To compute personalized recommendations we combine the related videos association rules with a user's personal activity on the site: This can include both videos that were watched (potentially beyond a certain threshold), as well as videos that were explicitly favorited, “liked”, rated, or added to playlists ... Recommendations ... [are the] related videos ... for each video ... [the user has watched or liked after they are] ranked by ... video quality ... user's unique taste and preferences ... [and filtered] to further increase diversity.

To evaluate recommendation quality we use a combination of different metrics. The primary metrics we consider include click through rate (CTR), long CTR (only counting clicks that led to watches of a substantial fraction of the video), session length, time until first long watch, and recommendation coverage (the fraction of logged in users with recommendations). We use these metrics to both track performance of the system at an ongoing basis as well as for evaluating system changes on live traffic.

Recommendations account for about 60% of all video clicks from the home page ... Co-visitation based recommendation performs at 207% of the baseline Most Viewed page ... [and more than 207% better than] Top Favorited and Top Rated [videos].
For more on the general topic of recommendations and personalization on YouTube, please see my 2009 post, "YouTube needs to entertain".

By the way, it would have been nice if the Googlers had cited the Amazon paper on item-to-item collaborative filtering. Seems like a rather silly mistake in an otherwise excellent paper.

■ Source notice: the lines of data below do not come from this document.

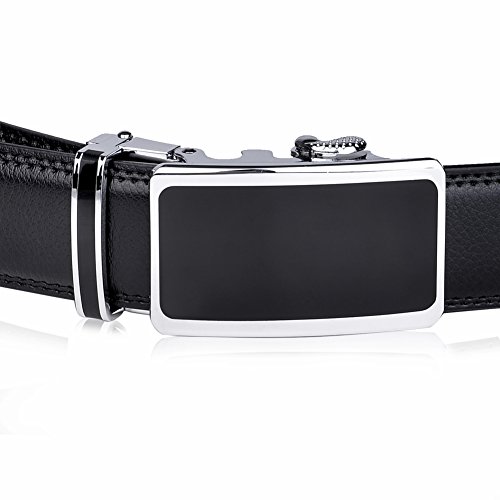 Vbiger Men's Leather Belt Sliding Buckle 35mm Ratchet Belt (Black 21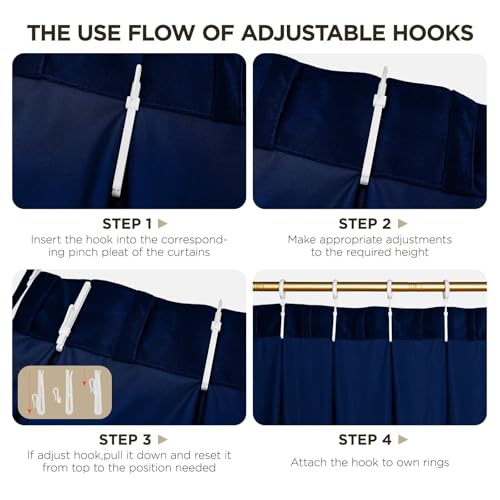 Joydeco Pinch Pleated Velvet Curtains 90 Inch Long 2 Panel Set for Living Room Bedroom, Back Tab Blackout Drapes with Adjustable Hooks (40”W x90”L,Royal Blue) - color: Royal Blue, size: 40"W x 90"L (Pack of 2)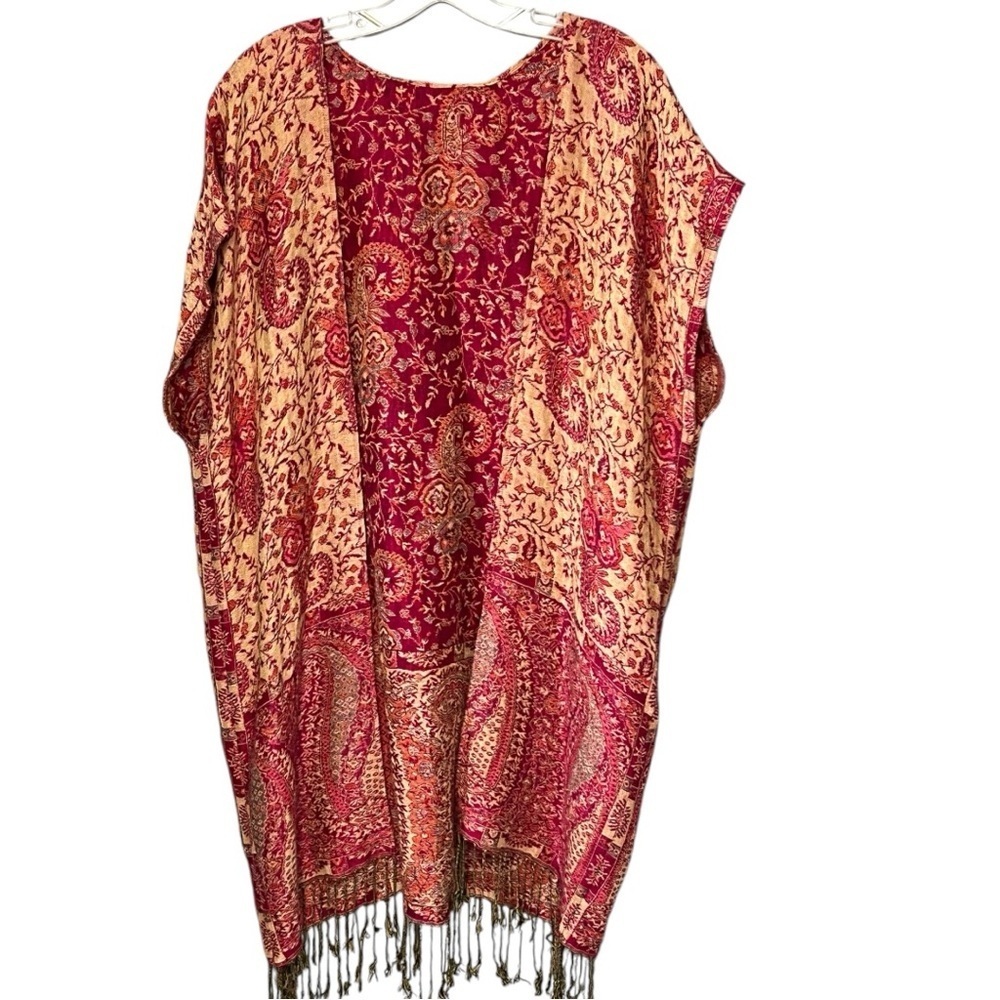 Pashmina Wool Fringe Open Front Kimono Cardigan Burgundy Gold Paisley One Size
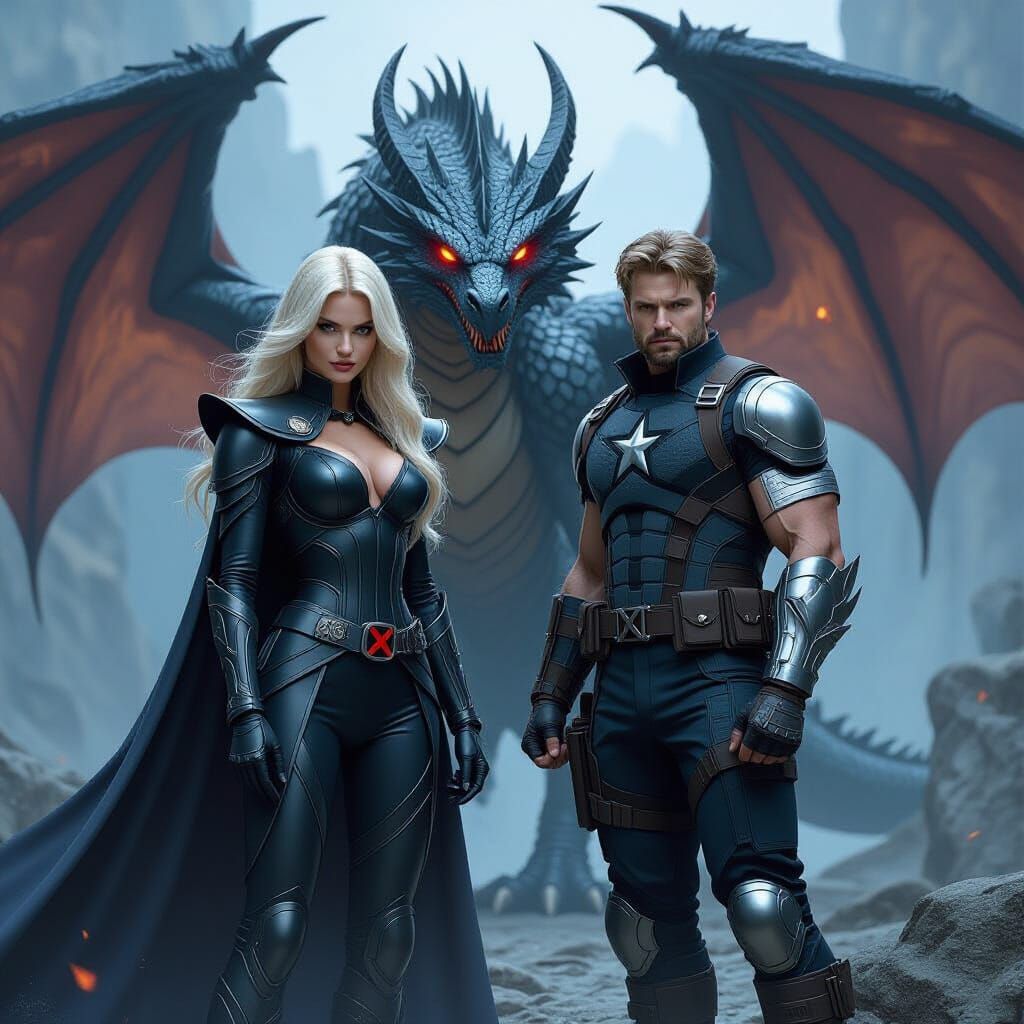 Magik and Winter Soldier in Mystical Setting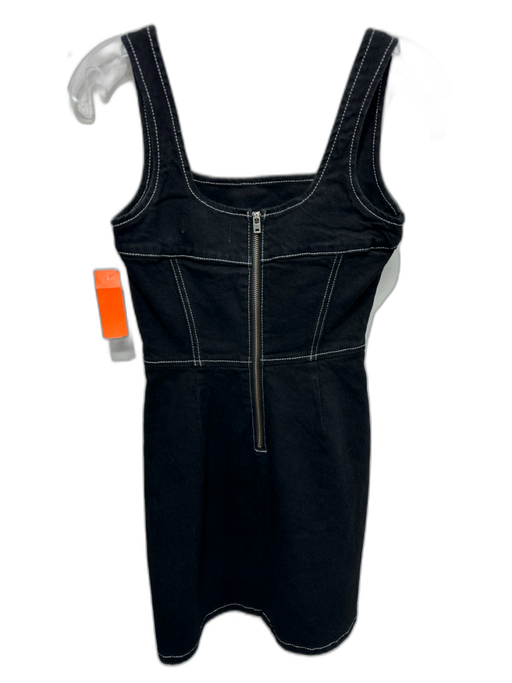 Reformation Jeans Size 0 Black Cotton Blend Denim Contrast Stitching Dress Black / 0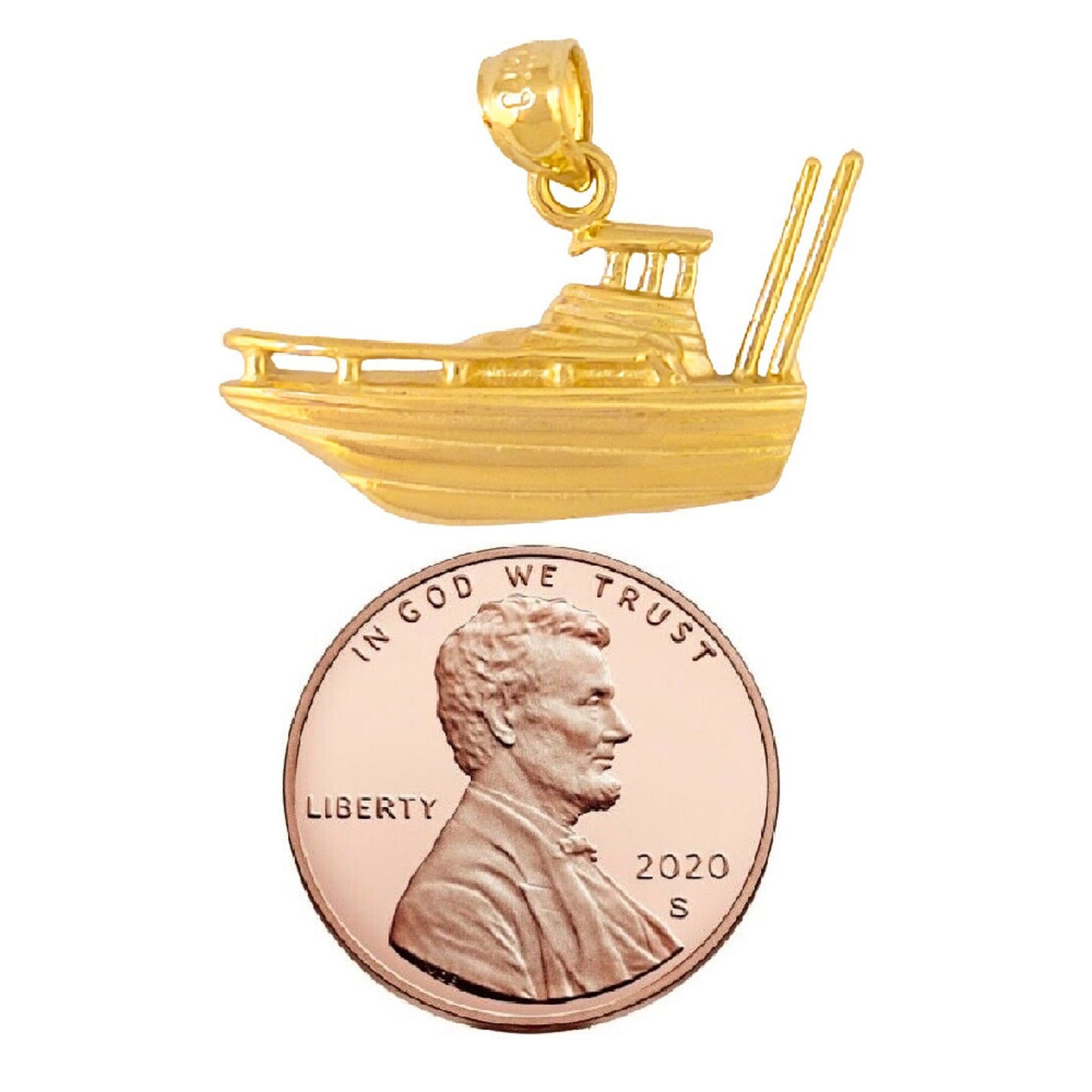 14K Yellow Gold Fishing Boat Yacht Pendant
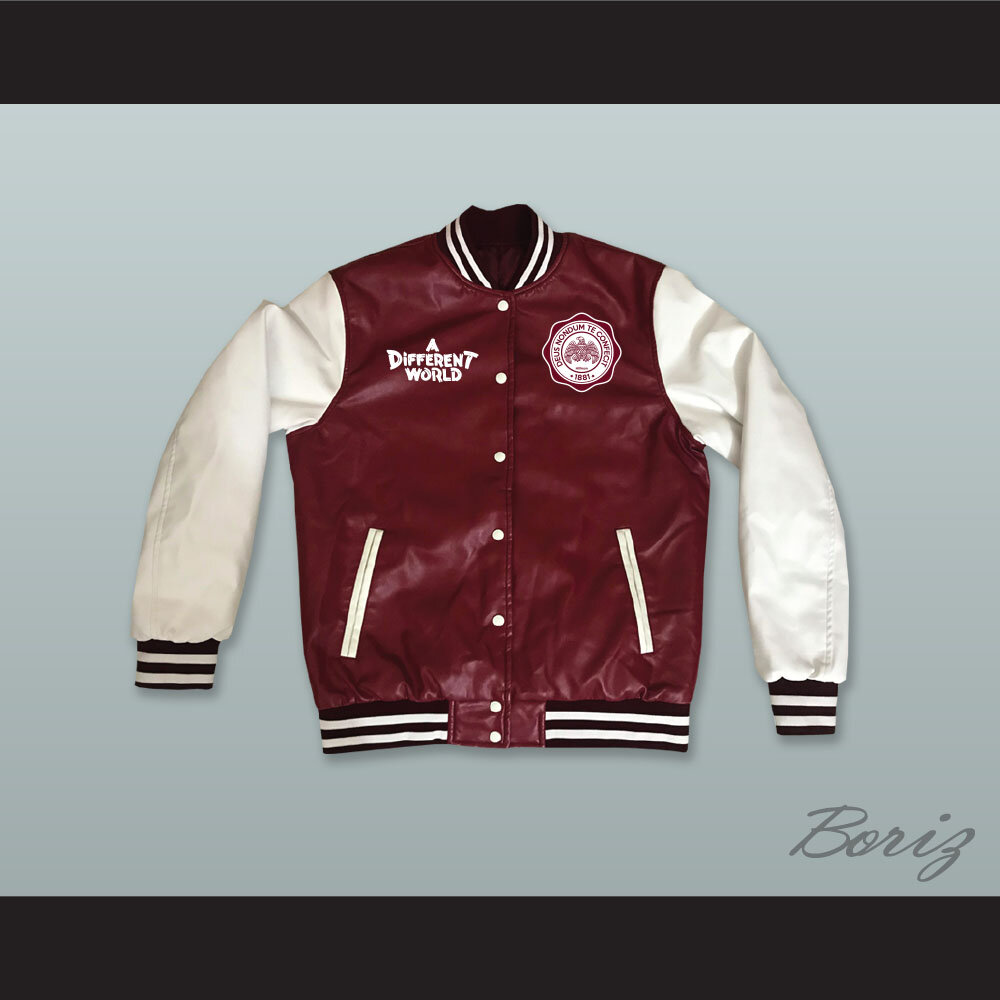 Hillman College Eagle Crest Maroon and White Lab Leather Jacket 1.jpg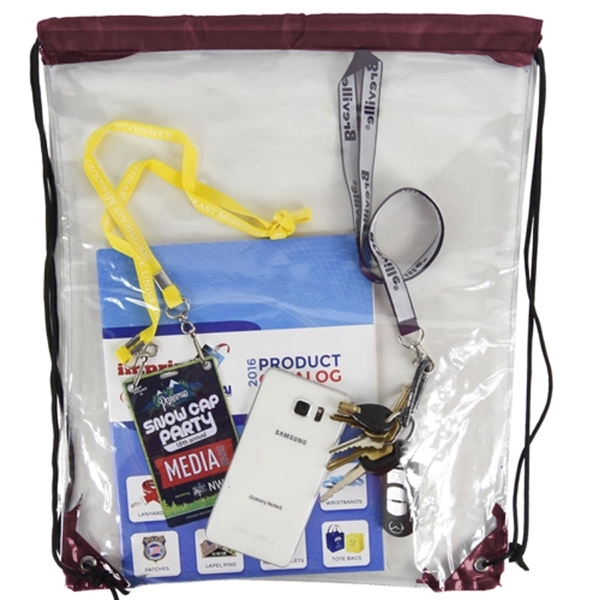 Clear Backpack - See Through Drawstring Bag - Clear Backpack - See Through Drawstring Bag - Image 9 of 16
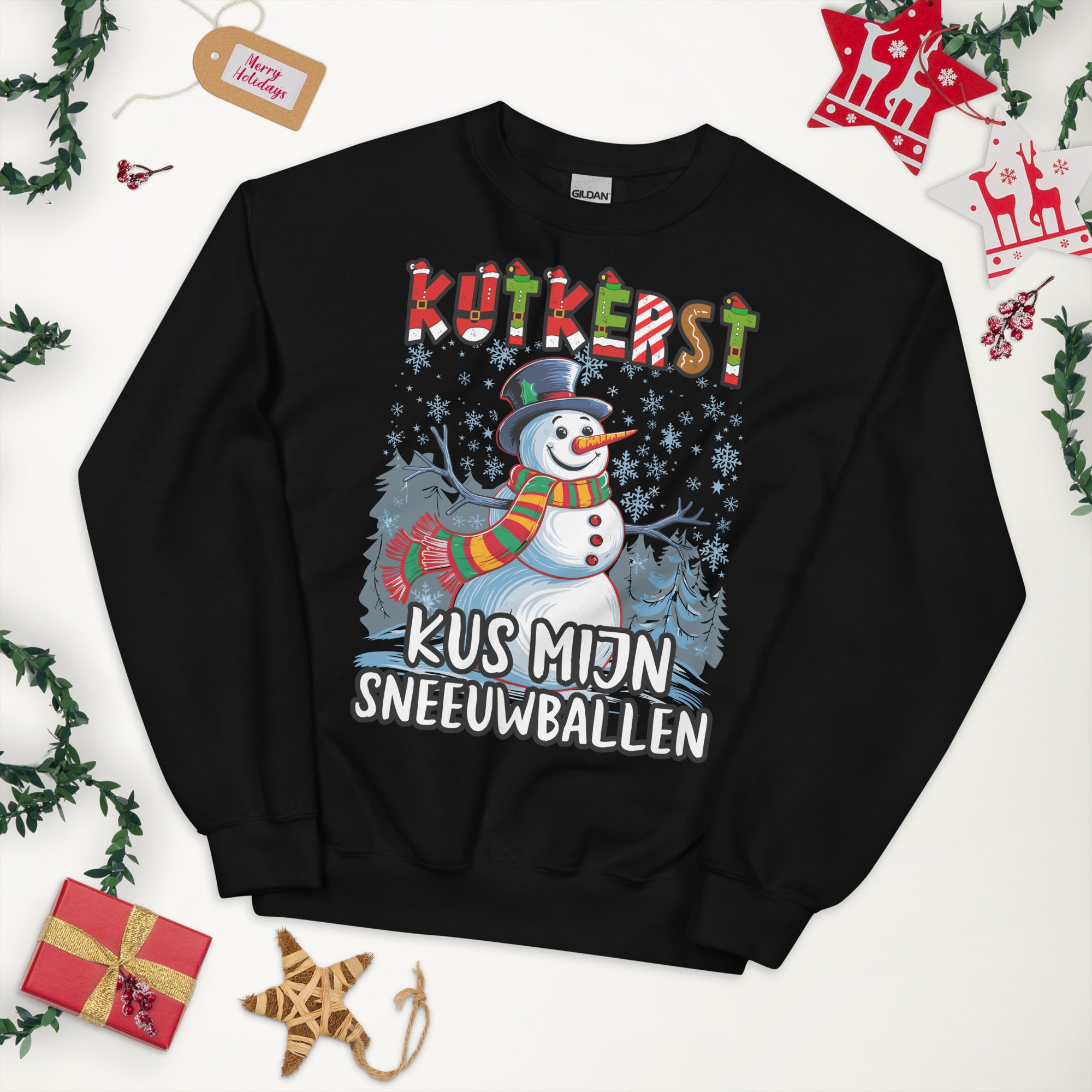 Unisex Kersttrui (kutkerst kus mijn sneeuwballen)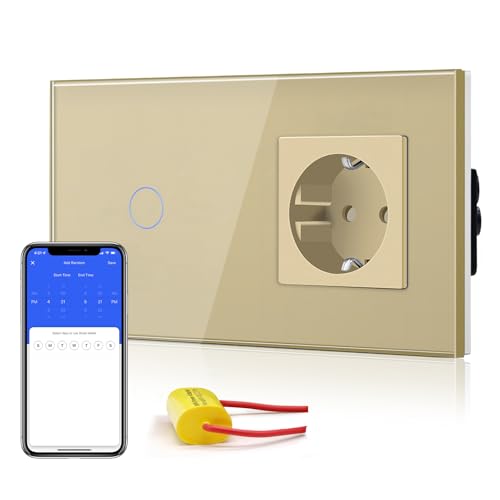 BSEED Normal Steckdose mit Smart Alexa Lichtschalter,Unterputz Senkrecht Glas Schuko Steckdose(Non-WiFi),Single Live Wifi Touch Lichtschalter 1 Fach 1 Weg Gold von BSEED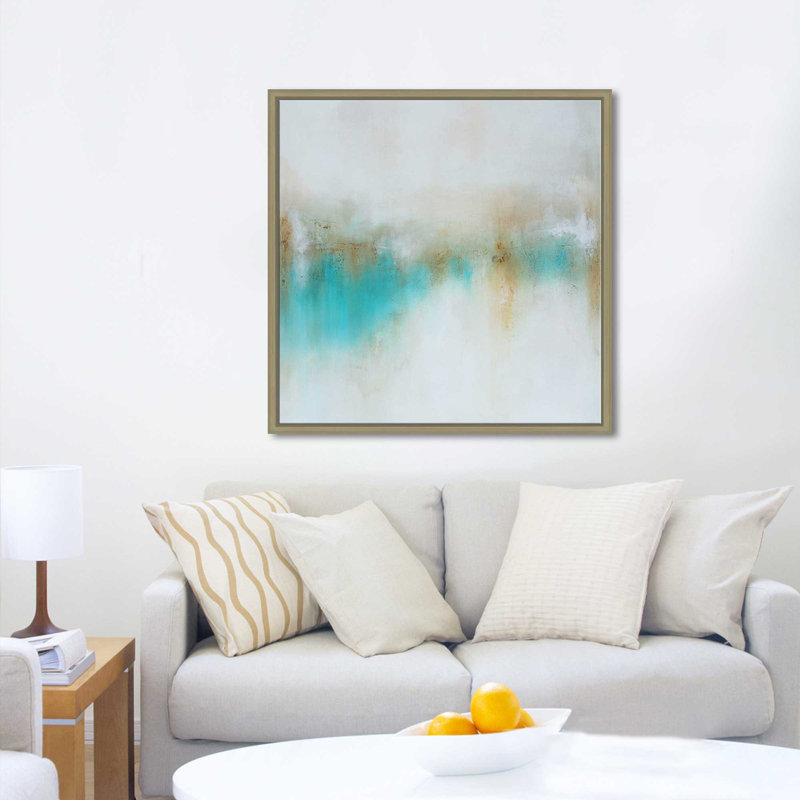 «Wonderland» par KR Moehr - Peinture, Cadre flottant champagne, H 39,5 po x l 39,5 po x P 2 po
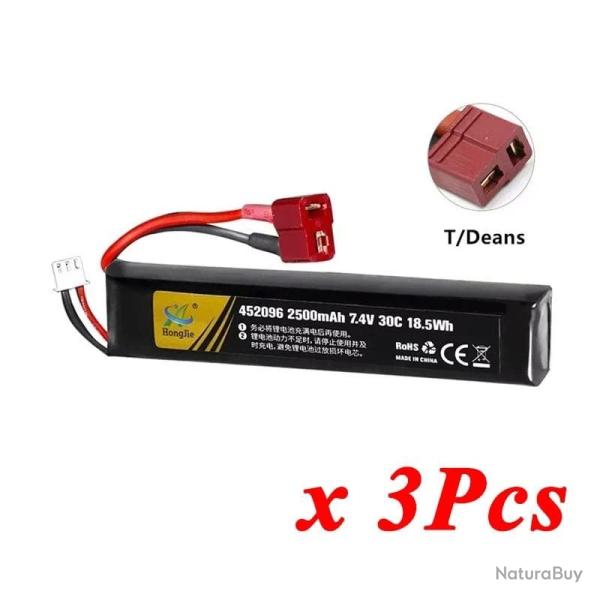 Batterie Lipo 7.4V 11.4V 2500mAh 2800mAh 2S 3S TERANTY - 2S 2500mAh T 3pcs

Update: To be clear, this was not intended as an attack on Google in any way. Googlers built on previous work, as they should. What is notable here is that, despite another decade of research on recommender systems, despite all the work in the Netflix Prize, YouTube found that a variant of the old item-to-item collaborative filtering algorithm beat out all others for recommending YouTube videos. That is a very interesting result and one that validates the strengths of that old algorithm.